▸ **Work task**
The output should match, line for line, the records from the line containing "Freshscent Bar Soap Wrapped" through the line containing "Cover for Kahlil", with every picture left out.

▸ **Dataset records**

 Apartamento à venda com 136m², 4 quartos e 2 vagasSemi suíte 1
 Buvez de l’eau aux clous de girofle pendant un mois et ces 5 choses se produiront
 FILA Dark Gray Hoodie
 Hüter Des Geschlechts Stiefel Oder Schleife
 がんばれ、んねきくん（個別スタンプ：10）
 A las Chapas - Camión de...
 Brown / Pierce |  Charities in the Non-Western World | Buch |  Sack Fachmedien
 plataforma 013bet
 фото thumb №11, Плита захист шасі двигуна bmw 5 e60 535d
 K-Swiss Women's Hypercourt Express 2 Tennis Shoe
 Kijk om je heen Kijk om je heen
==
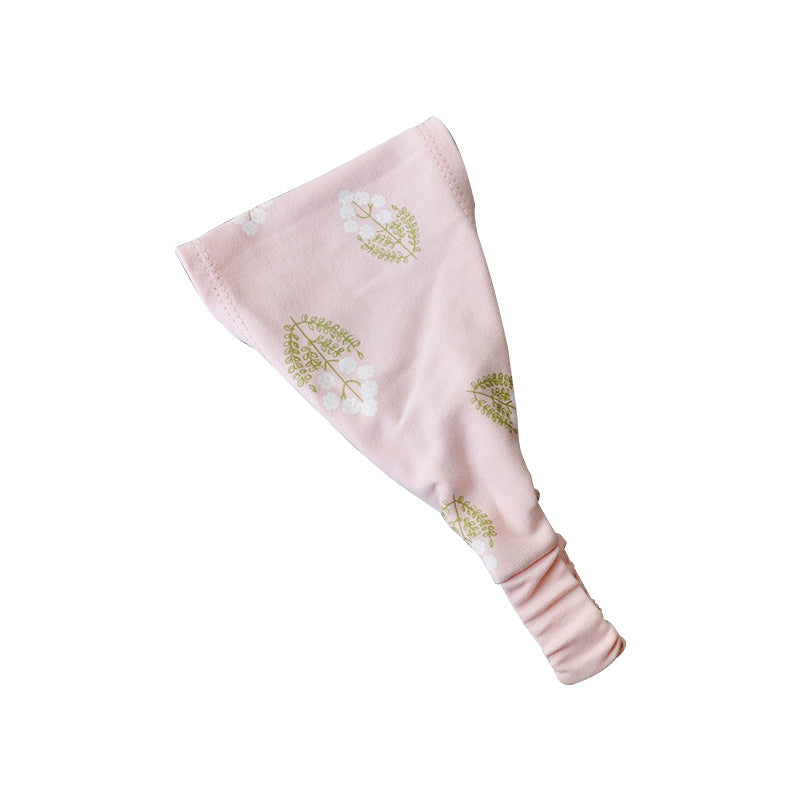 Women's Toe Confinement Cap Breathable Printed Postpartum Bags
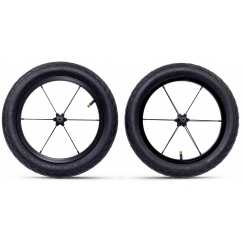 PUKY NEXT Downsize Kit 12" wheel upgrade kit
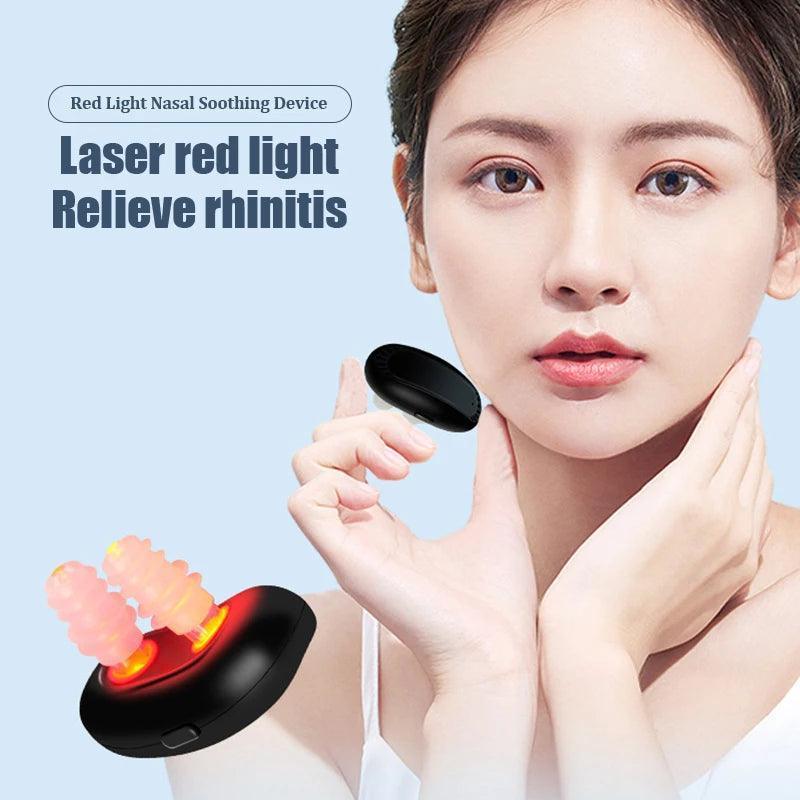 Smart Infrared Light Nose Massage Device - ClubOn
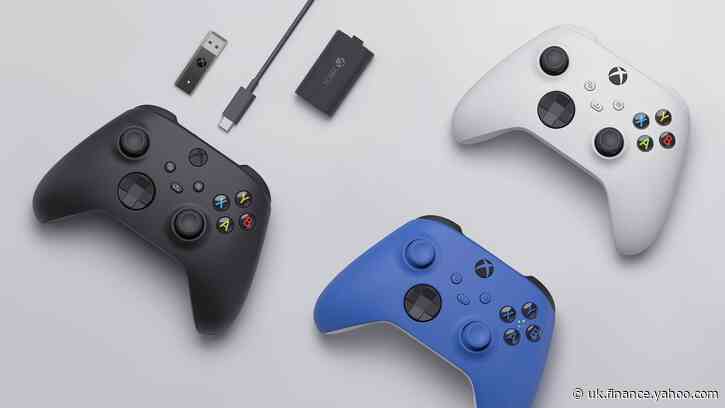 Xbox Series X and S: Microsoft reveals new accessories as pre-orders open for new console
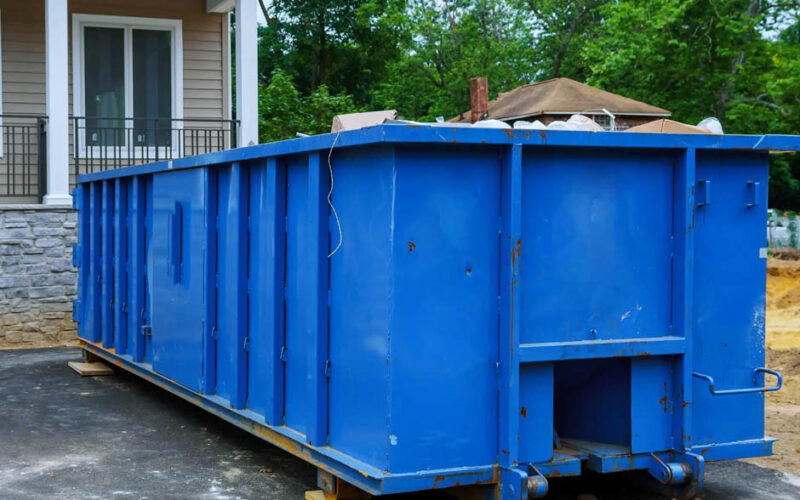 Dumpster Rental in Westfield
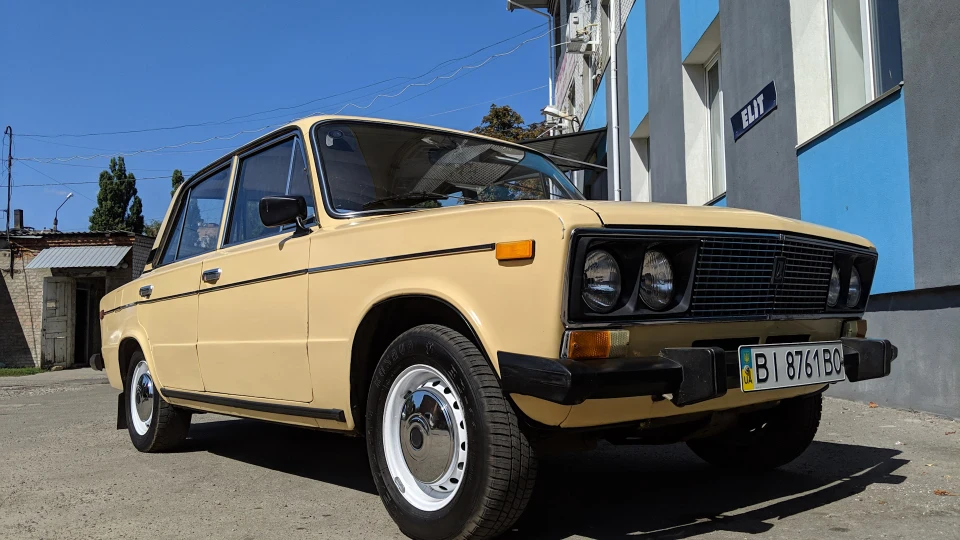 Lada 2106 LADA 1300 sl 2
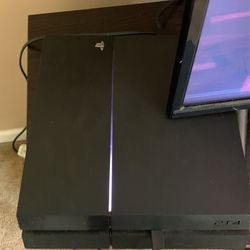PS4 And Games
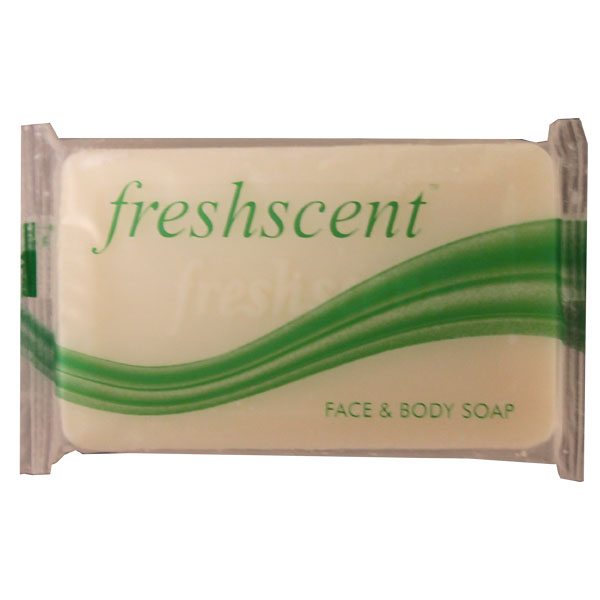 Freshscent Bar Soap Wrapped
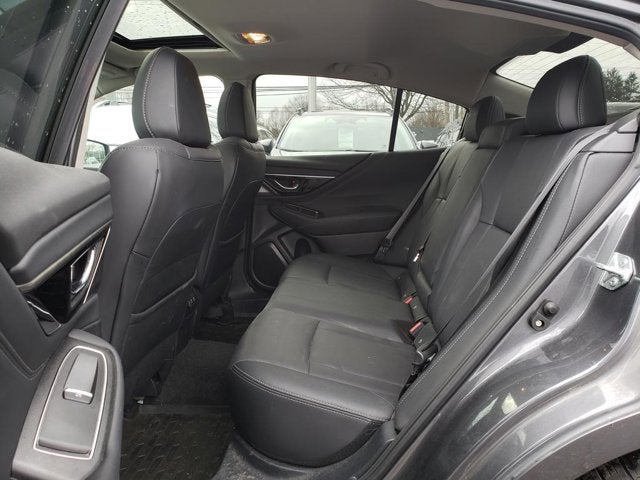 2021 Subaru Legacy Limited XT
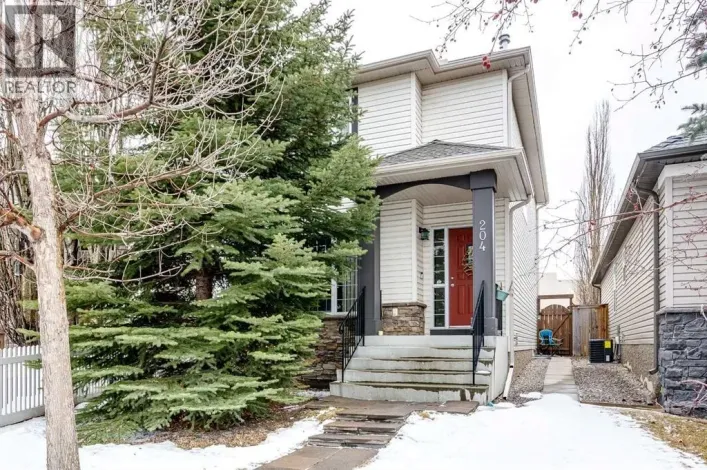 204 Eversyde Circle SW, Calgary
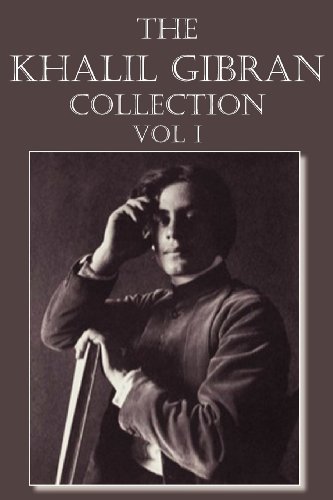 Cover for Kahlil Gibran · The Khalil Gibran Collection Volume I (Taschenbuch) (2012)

▸ **Your response**
 Freshscent Bar Soap Wrapped
 2021 Subaru Legacy Limited XT
 204 Eversyde Circle SW, Calgary
 Cover for Kahlil Gibran · The Khalil Gibran Collection Volume I (Taschenbuch) (2012)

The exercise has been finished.